Over the centuries, God sent messages to remind His people of His promises. Scriptures like:

“For since the world began, no ear has heard and no eye has seen a God like you, who works for those who wait for him!”
—Isaiah 64:4 NLT

“And it shall be said in that day, Lo, this is our God; we have waited for him, and he will save us: this is the LORD; we have waited for him, we will be glad and rejoice in his salvation.”
—Isaiah 25:9 KJV

He sent these messages to remind His people of His promise of a Messiah—a Savior He would send.

Can you imagine waiting for a promise to be fulfilled for your entire lifetime? Or for generations?
That is what God’s people did. It’s incredible faith and trust in His Word, even when they didn’t see it with their earthly eyes.
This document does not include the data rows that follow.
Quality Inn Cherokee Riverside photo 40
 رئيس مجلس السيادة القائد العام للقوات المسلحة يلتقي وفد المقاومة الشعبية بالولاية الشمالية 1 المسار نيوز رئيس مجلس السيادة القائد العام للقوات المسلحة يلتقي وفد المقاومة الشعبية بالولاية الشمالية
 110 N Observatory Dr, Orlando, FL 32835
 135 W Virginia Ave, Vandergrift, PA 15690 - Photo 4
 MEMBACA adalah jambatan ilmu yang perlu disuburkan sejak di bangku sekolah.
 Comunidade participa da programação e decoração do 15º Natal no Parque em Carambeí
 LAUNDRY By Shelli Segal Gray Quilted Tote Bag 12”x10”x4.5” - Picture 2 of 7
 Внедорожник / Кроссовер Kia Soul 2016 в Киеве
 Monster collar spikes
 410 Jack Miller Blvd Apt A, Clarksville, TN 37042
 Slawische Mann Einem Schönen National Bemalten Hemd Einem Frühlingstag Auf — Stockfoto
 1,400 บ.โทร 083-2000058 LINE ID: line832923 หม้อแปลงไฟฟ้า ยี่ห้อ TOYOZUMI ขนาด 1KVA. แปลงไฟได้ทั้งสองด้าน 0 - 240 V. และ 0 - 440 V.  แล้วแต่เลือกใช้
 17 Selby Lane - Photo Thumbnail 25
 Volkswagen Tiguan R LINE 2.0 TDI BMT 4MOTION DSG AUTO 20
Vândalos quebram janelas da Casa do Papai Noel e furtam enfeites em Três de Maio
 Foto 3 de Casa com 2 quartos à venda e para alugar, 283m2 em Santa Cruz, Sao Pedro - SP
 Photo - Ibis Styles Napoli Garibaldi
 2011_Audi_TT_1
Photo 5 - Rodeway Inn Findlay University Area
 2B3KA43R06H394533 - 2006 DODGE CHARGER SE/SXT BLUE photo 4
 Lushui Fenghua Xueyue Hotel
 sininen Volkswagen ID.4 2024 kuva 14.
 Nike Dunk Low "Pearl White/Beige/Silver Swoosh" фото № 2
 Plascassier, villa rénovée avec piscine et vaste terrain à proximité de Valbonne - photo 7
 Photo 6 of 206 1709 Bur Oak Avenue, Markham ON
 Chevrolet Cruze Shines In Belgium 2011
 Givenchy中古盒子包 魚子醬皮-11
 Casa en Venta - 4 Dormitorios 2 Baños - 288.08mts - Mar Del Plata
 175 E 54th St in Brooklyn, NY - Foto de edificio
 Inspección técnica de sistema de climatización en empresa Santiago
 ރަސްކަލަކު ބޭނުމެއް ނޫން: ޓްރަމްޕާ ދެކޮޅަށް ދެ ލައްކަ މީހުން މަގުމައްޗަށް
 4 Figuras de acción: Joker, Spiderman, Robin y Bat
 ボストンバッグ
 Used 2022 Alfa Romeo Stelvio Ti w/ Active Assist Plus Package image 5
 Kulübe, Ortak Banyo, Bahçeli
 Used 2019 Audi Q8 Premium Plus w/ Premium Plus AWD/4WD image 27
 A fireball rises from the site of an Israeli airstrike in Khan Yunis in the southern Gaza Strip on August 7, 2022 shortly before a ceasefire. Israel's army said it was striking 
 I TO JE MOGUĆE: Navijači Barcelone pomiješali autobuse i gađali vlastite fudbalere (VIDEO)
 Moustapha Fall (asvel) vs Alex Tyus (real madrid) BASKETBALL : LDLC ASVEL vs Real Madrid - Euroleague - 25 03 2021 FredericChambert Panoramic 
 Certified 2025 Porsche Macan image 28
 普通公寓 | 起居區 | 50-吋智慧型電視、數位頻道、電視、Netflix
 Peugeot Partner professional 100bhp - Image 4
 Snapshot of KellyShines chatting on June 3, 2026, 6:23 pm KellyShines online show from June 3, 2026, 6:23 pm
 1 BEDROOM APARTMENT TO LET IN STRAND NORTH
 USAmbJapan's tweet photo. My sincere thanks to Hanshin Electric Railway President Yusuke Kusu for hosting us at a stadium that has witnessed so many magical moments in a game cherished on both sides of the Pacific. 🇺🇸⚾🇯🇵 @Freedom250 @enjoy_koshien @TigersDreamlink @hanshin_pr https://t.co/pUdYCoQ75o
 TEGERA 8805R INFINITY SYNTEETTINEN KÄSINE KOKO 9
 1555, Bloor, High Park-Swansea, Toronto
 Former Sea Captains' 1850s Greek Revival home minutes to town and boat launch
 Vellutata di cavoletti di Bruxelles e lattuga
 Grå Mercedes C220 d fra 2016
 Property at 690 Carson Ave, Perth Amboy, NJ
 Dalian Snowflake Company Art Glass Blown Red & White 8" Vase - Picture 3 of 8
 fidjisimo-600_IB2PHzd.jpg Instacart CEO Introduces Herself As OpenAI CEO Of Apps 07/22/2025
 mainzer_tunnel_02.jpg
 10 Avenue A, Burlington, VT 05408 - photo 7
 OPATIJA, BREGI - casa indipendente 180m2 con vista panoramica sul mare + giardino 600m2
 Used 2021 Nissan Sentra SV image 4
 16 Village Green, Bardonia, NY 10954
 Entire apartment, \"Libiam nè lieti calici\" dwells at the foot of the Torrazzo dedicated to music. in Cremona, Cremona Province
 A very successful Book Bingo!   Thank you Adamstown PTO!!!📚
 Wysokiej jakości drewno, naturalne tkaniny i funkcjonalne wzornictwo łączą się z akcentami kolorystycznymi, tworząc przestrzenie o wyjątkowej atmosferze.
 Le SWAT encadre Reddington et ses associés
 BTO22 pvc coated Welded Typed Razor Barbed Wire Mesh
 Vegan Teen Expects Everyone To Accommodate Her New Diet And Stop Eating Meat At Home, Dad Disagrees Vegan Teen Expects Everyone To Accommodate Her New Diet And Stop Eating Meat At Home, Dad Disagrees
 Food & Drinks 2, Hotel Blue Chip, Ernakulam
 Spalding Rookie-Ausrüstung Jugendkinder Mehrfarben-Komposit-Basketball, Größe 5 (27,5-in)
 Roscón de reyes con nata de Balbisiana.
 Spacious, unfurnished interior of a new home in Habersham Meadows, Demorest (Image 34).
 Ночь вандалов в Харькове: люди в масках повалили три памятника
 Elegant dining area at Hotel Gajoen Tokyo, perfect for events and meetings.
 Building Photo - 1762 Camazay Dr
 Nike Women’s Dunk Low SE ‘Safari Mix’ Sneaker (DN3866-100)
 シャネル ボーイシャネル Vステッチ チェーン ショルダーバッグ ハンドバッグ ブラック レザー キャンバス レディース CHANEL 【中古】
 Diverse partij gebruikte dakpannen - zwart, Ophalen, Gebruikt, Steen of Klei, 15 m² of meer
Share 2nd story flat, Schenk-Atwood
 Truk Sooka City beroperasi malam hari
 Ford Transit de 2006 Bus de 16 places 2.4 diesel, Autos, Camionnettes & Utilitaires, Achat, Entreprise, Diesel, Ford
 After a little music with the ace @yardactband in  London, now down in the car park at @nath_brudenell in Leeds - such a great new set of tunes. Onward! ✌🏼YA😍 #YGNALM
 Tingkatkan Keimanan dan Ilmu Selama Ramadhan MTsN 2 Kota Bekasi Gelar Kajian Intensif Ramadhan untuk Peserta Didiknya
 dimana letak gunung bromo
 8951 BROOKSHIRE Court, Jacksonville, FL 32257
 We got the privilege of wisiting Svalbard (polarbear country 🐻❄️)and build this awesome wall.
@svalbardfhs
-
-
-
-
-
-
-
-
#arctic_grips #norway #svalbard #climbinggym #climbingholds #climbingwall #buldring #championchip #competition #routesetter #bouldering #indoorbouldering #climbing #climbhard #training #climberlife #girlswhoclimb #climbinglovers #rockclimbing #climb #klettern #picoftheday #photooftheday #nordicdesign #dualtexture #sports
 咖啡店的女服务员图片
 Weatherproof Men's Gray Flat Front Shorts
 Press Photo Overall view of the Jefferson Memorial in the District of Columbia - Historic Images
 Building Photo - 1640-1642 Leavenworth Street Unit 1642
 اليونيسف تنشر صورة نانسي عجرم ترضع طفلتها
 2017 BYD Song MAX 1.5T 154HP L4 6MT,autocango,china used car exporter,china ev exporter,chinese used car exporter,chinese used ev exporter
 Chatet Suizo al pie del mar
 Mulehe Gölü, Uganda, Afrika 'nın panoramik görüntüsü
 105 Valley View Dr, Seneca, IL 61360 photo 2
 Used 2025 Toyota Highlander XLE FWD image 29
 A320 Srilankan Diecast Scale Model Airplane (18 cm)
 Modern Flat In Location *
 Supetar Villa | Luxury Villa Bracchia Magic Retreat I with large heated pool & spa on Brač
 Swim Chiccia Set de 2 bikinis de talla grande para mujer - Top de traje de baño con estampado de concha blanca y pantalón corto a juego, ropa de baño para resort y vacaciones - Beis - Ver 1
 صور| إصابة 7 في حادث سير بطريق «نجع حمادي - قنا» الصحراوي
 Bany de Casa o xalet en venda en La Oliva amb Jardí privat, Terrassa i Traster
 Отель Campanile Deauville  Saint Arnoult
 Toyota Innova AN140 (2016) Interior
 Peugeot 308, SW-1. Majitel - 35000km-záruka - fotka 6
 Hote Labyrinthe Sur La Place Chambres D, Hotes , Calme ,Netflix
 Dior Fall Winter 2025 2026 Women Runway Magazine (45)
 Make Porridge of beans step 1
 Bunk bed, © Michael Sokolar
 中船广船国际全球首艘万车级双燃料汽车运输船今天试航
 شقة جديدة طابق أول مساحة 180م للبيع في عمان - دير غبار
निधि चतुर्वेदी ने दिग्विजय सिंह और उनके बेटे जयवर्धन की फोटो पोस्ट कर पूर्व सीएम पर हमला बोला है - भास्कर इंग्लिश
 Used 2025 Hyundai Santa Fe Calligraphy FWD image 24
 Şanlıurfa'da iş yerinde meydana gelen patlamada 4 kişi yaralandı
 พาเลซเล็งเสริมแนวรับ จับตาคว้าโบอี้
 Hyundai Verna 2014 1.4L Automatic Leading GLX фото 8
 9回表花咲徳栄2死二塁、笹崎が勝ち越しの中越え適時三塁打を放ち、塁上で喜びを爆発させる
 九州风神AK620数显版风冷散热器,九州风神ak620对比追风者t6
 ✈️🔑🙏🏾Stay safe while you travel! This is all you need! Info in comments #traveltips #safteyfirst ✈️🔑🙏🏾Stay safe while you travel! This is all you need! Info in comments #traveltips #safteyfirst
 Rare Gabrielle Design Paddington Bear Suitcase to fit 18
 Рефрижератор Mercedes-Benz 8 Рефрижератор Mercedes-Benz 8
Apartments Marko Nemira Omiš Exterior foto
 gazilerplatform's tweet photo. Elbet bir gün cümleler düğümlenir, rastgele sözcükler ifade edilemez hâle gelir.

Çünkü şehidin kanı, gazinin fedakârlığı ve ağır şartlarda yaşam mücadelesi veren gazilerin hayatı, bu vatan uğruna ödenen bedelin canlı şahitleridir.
Their faith and trust are described in the book of Hebrews:

“These were all commended for their faith, yet none of them received what had been promised.”
—Hebrews 11:39 NIV

Could it be that this Christmas season we shift our hearts and habits, deny some of the busyness, and spend time waiting and reflecting on God’s faithfulness to His promises?

He was faithful to His thousands-year-old promise to send the Messiah, and He is faithful to what He has said He will do in our lives.

Take time this Christmas season to simply wait on God. Put on some worship music, read the story of the incredible faith of the people in the original Christmas story, and take time to thank God for His incredible faithfulness to us humans. He loves us so much, and He doesn’t just say it—He showed it by sending His Son, Jesus the Christ, the Messiah.